Small companies face a unique problem as they try to minimize turnover and hold onto their best and brightest employees. Namely, they don’t have enough places to put them. In practice, it looks like this. A small company hires a young, ambitious person to do a certain job or perform a certain task. This new go-getter tackles the work energetically and masters it in relatively short order. Now he or she is looking around for the next big challenge, and therein lies the problem . . . there isn’t one. In a small company, the corporate ladder may have only a few rungs, so a talented, energetic, ambitious employee may very quickly get as far up that ladder as he or she can go. Large companies can have similar problems, but they have the scale to deal with those problems more effectively than small companies can. For instance, at a large company, when a budding superstar runs out of dragons to slay in Department A, we can move him or her to Department B or C or D or E where presumably there are still a few troublesome dragons to be dealt with. In most small companies, that sort of opportunistic career path simply does not exist. So what does a small company do to hold onto its best and brightest? For more on this, please continue reading below.
“Create a company that’s a great place to be from.” ~ Patty McCord
The bad news for small companies is this: you probably can’t hold onto the best and brightest . . . at least not all of them. If you’re good at recruiting, many of them will pass through your doors, but most of them will be on their way to someplace else. They will see you as a place to get some experience that will look good on their resumes. If you’ve been in business for more than a few years, you already know that this is how it works. Some big companies, as a matter of policy, won’t hire kids right out of school . . . they don’t want to deal with untrained, inexperienced rookies. So by default, small companies are the training grounds for big companies. It’s not fair, but that’s the way it is.
As a small company operator, you really can’t buck the system. You can’t go head-to-head with the big guys and try to match their compensation packages, their benefits, and their opportunities for advancement. That would be crazy, so don’t even try. If you do try, you will fail.
No, your only real option is to accept your role as a training ground for bigger companies, but figure out a way to make that role work for you. Here’s how:
- Learn to recruit well.
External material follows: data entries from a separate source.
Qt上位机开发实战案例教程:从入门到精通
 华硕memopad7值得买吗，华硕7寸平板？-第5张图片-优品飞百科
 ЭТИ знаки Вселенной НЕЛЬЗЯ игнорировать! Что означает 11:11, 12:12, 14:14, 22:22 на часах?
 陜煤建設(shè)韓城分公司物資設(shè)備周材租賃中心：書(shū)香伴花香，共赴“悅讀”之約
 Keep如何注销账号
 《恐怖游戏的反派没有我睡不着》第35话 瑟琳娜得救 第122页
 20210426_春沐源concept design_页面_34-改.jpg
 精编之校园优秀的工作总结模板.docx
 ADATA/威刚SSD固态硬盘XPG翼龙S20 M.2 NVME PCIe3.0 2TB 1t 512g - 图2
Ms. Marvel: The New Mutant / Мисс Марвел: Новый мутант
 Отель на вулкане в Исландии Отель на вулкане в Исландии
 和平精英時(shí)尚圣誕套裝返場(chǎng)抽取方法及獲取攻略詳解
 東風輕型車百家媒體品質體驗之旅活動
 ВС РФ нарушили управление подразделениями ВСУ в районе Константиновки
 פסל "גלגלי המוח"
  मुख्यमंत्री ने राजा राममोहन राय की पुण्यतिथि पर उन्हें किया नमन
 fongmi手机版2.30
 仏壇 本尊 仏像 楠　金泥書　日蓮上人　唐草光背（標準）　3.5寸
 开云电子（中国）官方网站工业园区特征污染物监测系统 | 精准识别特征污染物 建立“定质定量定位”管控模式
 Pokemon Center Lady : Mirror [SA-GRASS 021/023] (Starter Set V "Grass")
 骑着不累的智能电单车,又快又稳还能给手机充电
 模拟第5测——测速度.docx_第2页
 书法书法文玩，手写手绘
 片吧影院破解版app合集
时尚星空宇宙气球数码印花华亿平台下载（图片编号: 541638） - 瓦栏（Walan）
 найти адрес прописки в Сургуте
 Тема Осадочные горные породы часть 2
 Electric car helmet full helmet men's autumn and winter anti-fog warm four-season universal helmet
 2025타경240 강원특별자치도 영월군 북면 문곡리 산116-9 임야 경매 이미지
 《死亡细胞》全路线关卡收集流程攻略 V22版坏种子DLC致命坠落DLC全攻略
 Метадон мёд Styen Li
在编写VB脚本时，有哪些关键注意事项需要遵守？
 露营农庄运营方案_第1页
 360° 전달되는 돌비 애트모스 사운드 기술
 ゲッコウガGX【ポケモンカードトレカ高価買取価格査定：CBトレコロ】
The best and the brightest won’t stay with you over the long haul, but while you have them, you can get a lot of benefit from them. You can give them big, important assignments to complete, and they’ll be glad to undertake them because remember, they want impressive accomplishments to put on their resumes.
- Learn to be a good coach or mentor. You probably won’t have a formal training program in place for your new recruits, so instead, give them the benefit of your own experience. Check in with them regularly to see how they’re doing with the tasks they’ve been assigned to do, and make sure they’ve got the support they need to complete those tasks successfully.
- Make sure they understand how the business works . . . not just the part they’re working on, but all of it. Teach them how all the various activities within the business contribute to the final products or services the company offers.
- Teach them responsibility and accountability . . . two vital concepts that most college grads have not fully internalized before they begin their first job.
Seems like a lot of work to train people who will ultimately use that training to benefit a bigger company than yours. So what’s in it for you?
First, you’ll get the services of some young, ambitious, energetic, and talented people who won’t stay with you for long, but at least you’ll have them for a few years. However, you won’t get them at all unless they believe the experience and training they get from you will be their stepping stone to bigger and better things.
Second, you’ll get a steady stream of goodwill ambassadors going out into the world and telling the world, not only about your products or services, but also about what a good place to work your company was during their formative years. As your reputation as a good place to work spreads, your ongoing recruiting efforts will only get easier.
Third, and perhaps most important, as this parade of young, ambitious, energetic, and talented people passes through your place, you will be able to snag a few of them. Most of them, as we’ve said, will be on their way to someplace else and will just keep right on going. But a few of them might decide that being a big fish in a little pond is better than being a little fish in a Fortune 500 pond. They might decide that getting in on the ground floor and helping to build something is, in its own way, pretty exciting stuff. Or they might like the idea that, unlike their Fortune 500 brethren, they have direct access to their CEO.
It makes no sense to go against the flow and try to hold onto all the talented people you attract. That’s a fool’s errand and it won’t work. So your only option is to accept your role as the training ground for Corporate America and follow Patty McCord’s advice to, “Create a company that’s a great place to be from.”